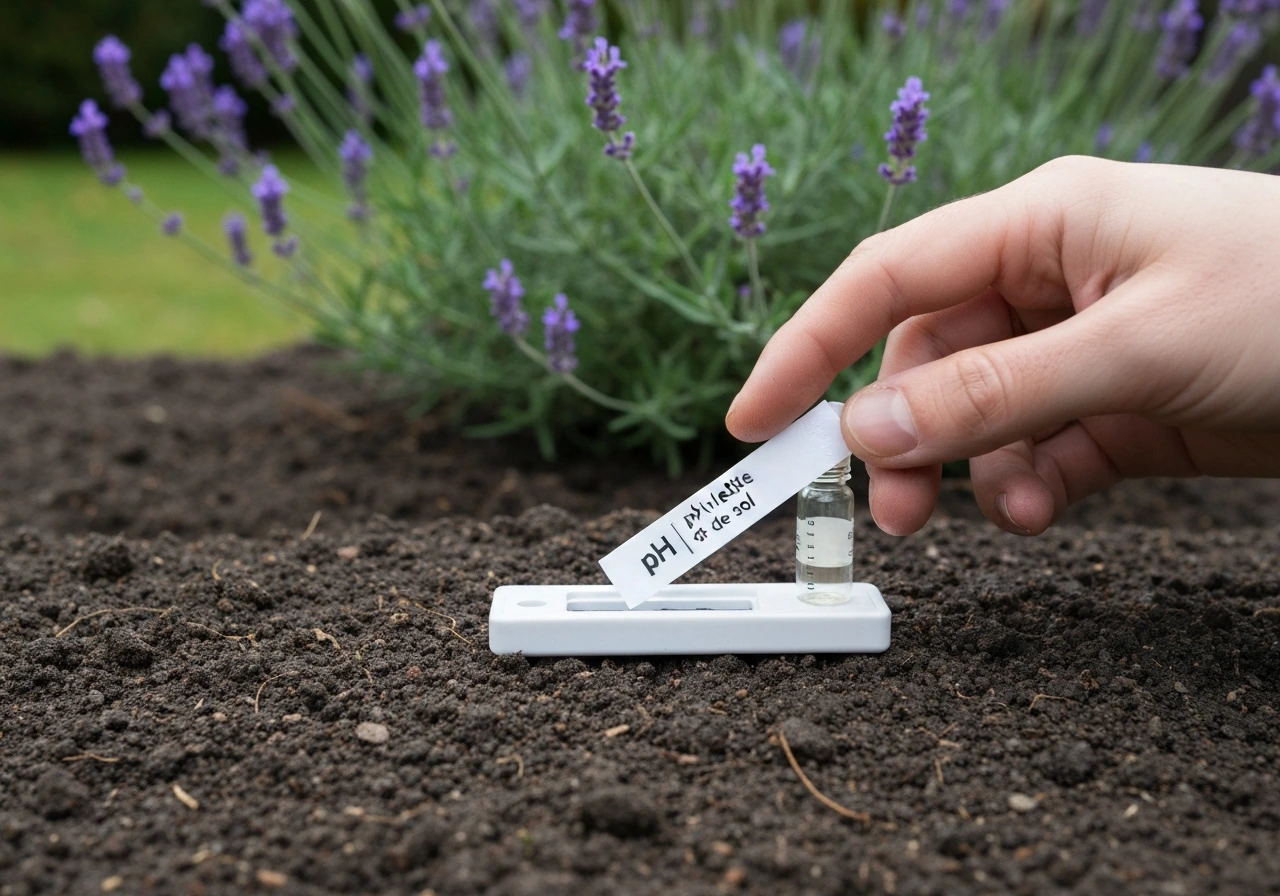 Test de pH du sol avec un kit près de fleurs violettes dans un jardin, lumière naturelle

+ + + + + + +

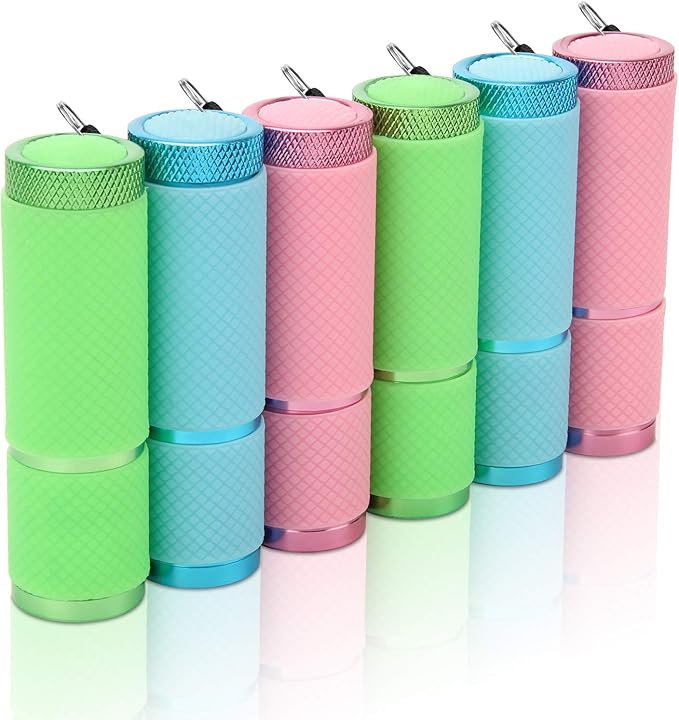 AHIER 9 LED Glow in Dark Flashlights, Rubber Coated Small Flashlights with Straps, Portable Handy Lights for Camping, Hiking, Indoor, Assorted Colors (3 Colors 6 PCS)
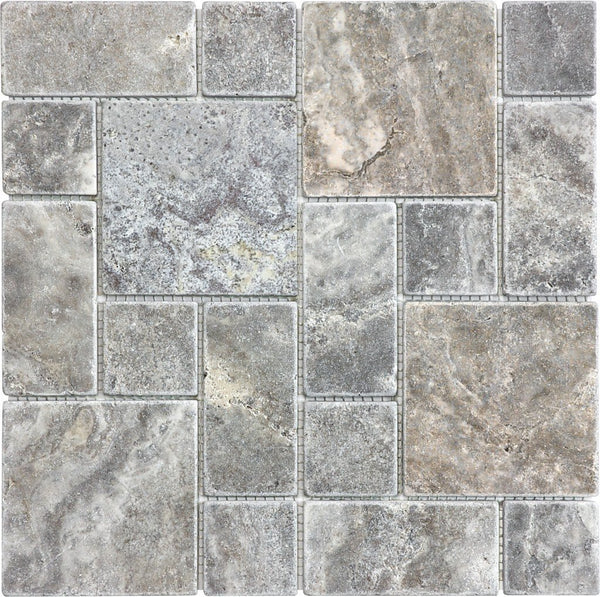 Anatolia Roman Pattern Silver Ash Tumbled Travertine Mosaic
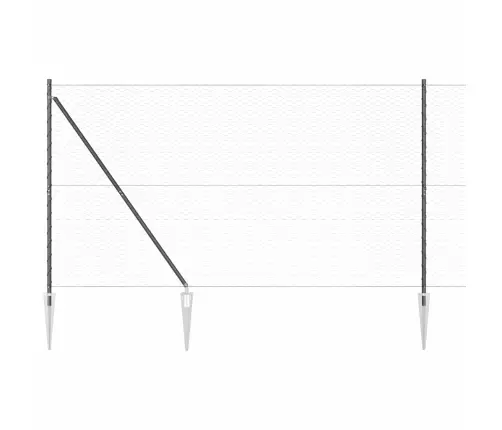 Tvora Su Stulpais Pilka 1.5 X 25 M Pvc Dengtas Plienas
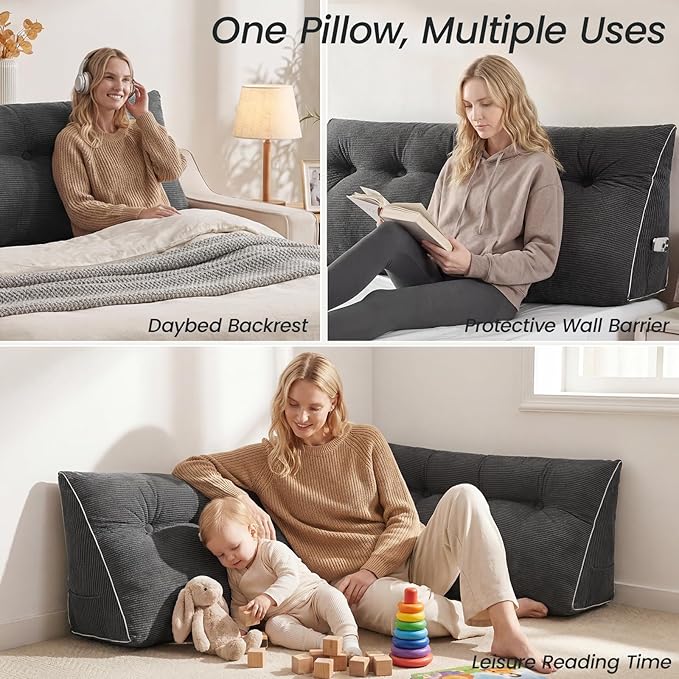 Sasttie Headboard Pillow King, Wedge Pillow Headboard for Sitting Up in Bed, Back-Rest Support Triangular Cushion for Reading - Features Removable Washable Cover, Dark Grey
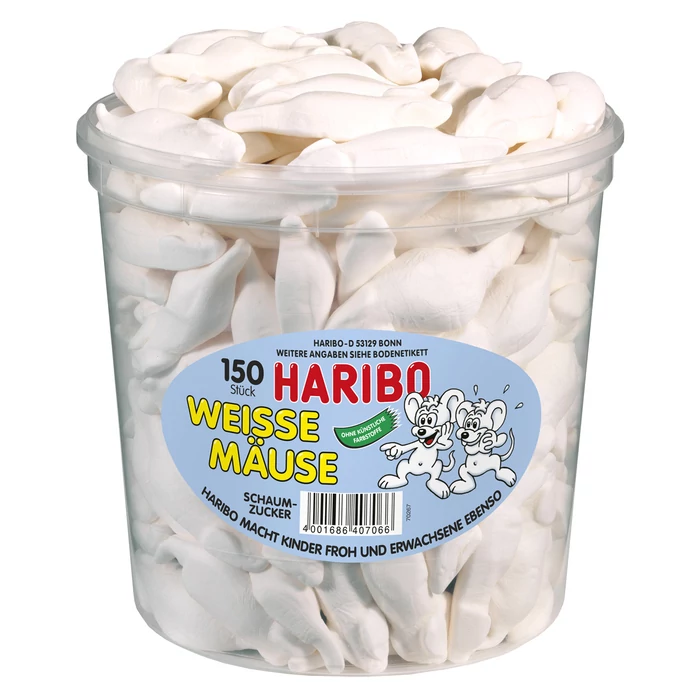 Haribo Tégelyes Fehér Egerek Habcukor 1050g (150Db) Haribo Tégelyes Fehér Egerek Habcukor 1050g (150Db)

+ + + + + + +

Copy exactly the lines of the listing above between the one holding "Tvora Su Stulpais" and the one holding "Haribo Tégelyes Fehér Egerek Habcukor 1050g (150Db) Haribo", inclusive; omit all pictures.

ANSWER AREA:
 Tvora Su Stulpais Pilka 1.5 X 25 M Pvc Dengtas Plienas
 Sasttie Headboard Pillow King, Wedge Pillow Headboard for Sitting Up in Bed, Back-Rest Support Triangular Cushion for Reading - Features Removable Washable Cover, Dark Grey
 Haribo Tégelyes Fehér Egerek Habcukor 1050g (150Db) Haribo Tégelyes Fehér Egerek Habcukor 1050g (150Db)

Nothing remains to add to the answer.